My 1972 MGB has an 18V582 series engine and during rebuild I have fitted HIF 4 carbs.

Can someone please advise where the vacuum advance connects at the carb end? There is no tube on the carb flange, nor on the heat block spacers. I have connected it to the manifold adaptor, but it means that advance is active at tickover meaning rich running and probably the cause of difficult hot starting.

Many thanks, Andrew
Andrew Walton

More info having looked at specs and read loads about 'ported' vs 'manifold' vacuum advance. Din't know it was so complex !

My engine is a 18V582 and distributor is 41288. Shown as requiring ported vacuum connection.

Can't find 18V582 listed, but specs say that an 18V584/5 should have a 41370 distrib with a manifold connection.
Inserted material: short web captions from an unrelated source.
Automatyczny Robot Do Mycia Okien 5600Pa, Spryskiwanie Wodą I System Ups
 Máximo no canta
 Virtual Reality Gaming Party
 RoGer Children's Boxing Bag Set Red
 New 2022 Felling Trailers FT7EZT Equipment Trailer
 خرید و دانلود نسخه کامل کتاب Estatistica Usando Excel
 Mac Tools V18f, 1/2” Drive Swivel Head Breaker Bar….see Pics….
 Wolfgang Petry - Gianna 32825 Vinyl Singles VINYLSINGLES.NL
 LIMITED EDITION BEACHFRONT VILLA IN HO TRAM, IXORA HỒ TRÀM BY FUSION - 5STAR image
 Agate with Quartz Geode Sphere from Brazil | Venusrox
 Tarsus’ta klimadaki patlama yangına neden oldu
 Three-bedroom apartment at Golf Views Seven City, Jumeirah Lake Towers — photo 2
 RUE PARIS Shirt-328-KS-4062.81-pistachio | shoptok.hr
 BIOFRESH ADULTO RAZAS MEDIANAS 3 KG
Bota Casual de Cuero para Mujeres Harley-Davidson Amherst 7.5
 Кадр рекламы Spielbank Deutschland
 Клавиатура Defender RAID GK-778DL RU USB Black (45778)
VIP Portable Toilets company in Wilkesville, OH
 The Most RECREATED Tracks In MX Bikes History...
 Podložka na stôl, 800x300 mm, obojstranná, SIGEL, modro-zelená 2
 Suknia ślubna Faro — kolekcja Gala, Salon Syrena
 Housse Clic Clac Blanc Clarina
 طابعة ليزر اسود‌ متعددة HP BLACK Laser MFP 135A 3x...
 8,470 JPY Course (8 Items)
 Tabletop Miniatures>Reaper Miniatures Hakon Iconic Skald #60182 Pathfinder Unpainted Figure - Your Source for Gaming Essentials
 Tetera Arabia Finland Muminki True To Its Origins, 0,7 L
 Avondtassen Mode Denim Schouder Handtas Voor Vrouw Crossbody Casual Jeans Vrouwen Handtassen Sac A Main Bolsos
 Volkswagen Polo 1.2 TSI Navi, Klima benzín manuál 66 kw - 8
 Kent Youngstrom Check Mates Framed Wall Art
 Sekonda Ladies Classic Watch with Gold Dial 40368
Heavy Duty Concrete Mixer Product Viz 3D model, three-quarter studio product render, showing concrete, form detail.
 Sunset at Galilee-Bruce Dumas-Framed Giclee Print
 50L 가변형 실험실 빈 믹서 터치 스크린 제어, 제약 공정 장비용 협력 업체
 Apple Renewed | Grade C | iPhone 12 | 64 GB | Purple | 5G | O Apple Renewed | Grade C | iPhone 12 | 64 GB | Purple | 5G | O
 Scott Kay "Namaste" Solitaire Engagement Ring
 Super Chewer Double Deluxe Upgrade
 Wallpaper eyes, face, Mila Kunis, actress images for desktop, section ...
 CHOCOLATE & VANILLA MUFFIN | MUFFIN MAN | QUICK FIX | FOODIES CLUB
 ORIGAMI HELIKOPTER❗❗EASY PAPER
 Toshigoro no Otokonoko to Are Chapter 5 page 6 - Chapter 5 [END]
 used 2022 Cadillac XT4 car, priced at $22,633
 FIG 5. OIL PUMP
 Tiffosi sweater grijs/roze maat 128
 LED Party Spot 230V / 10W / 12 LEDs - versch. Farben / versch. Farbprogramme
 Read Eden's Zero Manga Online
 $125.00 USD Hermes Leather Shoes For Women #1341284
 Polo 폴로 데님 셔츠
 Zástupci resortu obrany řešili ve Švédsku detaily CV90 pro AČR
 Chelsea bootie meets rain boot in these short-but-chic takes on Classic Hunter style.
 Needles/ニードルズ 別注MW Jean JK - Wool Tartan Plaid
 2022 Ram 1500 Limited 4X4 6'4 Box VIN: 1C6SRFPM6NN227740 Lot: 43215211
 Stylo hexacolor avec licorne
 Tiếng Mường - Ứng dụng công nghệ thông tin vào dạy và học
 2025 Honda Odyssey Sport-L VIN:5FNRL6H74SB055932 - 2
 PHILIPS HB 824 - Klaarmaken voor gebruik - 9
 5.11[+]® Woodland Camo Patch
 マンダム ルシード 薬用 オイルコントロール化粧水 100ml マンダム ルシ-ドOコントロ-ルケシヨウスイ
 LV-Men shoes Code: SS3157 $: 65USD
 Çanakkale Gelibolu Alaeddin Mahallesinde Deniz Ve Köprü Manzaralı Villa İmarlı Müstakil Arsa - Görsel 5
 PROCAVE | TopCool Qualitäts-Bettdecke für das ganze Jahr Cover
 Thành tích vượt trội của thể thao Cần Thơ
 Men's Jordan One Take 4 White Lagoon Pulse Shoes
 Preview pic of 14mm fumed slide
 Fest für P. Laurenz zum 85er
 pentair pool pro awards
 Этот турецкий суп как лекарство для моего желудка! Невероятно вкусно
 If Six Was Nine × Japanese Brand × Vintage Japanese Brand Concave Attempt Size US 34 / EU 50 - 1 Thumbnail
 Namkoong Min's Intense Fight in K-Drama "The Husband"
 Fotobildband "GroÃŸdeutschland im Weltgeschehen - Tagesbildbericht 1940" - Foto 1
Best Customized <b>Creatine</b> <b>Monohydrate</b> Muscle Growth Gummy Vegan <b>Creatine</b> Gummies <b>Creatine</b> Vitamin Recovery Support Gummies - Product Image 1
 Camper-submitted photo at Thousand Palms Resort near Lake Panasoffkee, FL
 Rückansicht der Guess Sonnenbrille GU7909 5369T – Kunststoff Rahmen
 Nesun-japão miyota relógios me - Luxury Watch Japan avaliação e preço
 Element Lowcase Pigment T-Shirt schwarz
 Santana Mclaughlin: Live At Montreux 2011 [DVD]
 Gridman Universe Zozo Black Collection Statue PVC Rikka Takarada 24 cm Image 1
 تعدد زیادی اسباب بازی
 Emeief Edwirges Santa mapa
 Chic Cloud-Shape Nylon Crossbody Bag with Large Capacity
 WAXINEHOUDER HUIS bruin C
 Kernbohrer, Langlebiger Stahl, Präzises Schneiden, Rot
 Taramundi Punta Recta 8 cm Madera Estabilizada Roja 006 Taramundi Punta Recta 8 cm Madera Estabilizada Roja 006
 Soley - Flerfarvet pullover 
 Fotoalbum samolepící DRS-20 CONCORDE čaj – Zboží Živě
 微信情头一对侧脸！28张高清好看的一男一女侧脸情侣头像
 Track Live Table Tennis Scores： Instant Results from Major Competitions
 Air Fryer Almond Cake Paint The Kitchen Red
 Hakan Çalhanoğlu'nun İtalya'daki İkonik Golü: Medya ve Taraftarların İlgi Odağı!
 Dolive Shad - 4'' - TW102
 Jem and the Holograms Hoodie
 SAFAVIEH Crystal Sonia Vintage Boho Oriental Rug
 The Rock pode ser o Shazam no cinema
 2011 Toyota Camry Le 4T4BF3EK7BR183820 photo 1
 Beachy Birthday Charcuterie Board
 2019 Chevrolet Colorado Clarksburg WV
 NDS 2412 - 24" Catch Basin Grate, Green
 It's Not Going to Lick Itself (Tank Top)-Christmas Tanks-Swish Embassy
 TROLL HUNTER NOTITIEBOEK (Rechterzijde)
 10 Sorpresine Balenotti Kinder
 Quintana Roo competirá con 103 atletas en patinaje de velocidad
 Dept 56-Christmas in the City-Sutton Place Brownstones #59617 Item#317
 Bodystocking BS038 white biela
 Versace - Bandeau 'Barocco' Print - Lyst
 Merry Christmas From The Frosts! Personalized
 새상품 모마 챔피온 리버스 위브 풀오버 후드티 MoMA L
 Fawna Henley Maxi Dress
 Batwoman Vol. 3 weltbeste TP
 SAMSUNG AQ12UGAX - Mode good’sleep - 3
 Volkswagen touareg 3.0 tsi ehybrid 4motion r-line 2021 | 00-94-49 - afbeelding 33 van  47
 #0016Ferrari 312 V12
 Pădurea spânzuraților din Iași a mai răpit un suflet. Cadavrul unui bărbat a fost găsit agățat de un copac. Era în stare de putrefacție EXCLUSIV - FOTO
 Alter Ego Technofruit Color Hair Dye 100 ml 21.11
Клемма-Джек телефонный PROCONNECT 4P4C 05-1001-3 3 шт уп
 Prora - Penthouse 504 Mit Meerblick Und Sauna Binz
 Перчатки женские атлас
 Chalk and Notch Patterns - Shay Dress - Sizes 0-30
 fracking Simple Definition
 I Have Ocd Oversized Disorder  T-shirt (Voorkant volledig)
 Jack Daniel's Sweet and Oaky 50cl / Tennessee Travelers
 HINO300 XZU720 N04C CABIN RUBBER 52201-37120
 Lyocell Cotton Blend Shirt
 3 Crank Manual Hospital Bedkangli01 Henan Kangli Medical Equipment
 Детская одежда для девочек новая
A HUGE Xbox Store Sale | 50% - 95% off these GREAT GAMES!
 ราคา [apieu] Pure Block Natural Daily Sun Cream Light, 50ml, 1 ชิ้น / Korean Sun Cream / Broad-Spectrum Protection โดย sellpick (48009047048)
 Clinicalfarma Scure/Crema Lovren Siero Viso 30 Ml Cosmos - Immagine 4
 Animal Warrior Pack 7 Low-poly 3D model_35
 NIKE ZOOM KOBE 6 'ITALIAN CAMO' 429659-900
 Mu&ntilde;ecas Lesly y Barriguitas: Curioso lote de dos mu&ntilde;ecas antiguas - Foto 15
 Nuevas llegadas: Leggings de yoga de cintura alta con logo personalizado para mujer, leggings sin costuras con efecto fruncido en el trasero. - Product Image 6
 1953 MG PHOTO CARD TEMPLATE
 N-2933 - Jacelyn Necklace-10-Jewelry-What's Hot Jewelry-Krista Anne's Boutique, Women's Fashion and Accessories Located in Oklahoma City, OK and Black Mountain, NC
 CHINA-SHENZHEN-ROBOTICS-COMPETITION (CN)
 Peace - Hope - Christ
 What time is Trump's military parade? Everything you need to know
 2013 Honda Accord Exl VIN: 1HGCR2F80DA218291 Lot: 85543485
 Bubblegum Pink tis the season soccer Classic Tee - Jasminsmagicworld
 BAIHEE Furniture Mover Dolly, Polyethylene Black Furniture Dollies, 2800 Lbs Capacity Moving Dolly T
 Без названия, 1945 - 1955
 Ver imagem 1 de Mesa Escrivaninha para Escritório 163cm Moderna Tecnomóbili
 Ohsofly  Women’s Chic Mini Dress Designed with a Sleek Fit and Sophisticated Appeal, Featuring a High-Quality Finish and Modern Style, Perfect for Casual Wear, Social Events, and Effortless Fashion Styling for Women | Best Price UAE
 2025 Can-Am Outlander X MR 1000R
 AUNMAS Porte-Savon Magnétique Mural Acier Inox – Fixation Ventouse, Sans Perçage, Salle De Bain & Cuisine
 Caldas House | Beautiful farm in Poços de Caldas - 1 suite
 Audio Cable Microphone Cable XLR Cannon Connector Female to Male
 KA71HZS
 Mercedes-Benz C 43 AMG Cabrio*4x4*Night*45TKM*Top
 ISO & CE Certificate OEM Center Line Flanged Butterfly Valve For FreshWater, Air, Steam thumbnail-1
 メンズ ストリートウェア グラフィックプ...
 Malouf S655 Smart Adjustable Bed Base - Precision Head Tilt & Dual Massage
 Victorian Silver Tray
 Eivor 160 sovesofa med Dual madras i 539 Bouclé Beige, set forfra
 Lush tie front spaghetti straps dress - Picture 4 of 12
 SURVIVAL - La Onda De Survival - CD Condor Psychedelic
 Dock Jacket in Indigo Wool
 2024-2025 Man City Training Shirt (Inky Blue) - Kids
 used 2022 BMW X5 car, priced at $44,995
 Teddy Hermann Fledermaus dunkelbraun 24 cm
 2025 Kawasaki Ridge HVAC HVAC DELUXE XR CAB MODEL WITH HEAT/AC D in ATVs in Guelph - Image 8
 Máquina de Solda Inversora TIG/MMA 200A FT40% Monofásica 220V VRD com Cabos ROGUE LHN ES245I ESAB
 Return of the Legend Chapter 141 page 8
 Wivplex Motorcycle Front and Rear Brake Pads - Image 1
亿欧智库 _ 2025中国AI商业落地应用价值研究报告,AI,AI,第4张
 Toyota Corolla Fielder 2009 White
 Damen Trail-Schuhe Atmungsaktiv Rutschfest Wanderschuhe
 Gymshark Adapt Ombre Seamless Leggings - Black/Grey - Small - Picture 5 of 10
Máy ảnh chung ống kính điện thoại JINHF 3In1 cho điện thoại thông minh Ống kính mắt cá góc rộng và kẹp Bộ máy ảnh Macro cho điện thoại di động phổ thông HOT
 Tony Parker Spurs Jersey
Is it the right distributor for a 582 engine is one question, second is, can someone confirm that the vacuum advance should be ported from the carb?

Many thanks, Andrew
Andrew Walton

Doesn't matter where the vacuum comes from when driving, the only difference is at idle. HS carb source gives zero advance at idle, manifold source gives a high vacuum. The difference is that a high vacuum at idle allows the idle screw to be turned down without stalling, which reduces fuel consumption and hence emissions. It was moved from carb to manifold for this reason. As soon as you start to open the throttle the two sources rapidly converge, then remain the same for the remainder of throttle opening.

By itself manifold advance shouldn't affect hot starting, many tens of thousands of cars were shipped from the factory like this. If your car has this problem then it's a fault due to other causes. Vacuum advance only affects timing, not mixture. If your mixture is rich that *will* affect hot starting, and should be corrected with the carb mixture screws.

UK cars from August 71 to November 73 had the 18V 581/582/583 engine with HS carbs with the ported source from the rear carb, and the 25D4 41228 distributor.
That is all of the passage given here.